Dataset records:
▼▼▼

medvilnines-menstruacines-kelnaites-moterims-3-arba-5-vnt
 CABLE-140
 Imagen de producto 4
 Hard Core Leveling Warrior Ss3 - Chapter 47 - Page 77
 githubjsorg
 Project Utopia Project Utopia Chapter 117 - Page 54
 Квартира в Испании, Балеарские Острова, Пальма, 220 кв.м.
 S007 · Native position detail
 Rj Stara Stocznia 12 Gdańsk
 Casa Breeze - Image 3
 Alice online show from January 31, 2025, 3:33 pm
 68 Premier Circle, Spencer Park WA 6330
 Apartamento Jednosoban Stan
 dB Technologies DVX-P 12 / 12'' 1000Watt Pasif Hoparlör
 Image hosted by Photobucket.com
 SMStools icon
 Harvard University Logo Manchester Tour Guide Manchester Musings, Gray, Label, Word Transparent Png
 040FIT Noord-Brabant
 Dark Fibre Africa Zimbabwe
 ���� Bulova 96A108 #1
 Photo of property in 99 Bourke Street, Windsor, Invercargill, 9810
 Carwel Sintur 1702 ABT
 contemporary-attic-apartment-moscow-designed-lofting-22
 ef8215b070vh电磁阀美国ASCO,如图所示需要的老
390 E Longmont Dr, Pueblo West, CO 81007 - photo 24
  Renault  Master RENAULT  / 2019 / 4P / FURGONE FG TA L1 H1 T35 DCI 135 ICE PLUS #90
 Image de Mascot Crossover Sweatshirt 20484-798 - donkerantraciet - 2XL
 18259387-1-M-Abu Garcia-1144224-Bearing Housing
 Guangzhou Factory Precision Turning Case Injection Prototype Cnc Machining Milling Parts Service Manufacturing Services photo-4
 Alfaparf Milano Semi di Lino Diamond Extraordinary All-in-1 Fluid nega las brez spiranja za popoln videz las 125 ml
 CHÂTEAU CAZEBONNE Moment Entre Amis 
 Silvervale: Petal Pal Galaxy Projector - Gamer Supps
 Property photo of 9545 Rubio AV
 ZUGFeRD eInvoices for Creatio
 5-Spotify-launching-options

▲▲▲

Assignment: Your answer should be the lines from the one containing "Alfaparf Milano Semi" through the end of the records, both included, output exactly and with nothing added.

Solution to this exercise:
 Alfaparf Milano Semi di Lino Diamond Extraordinary All-in-1 Fluid nega las brez spiranja za popoln videz las 125 ml
 CHÂTEAU CAZEBONNE Moment Entre Amis 
 Silvervale: Petal Pal Galaxy Projector - Gamer Supps
 Property photo of 9545 Rubio AV
 ZUGFeRD eInvoices for Creatio
 5-Spotify-launching-options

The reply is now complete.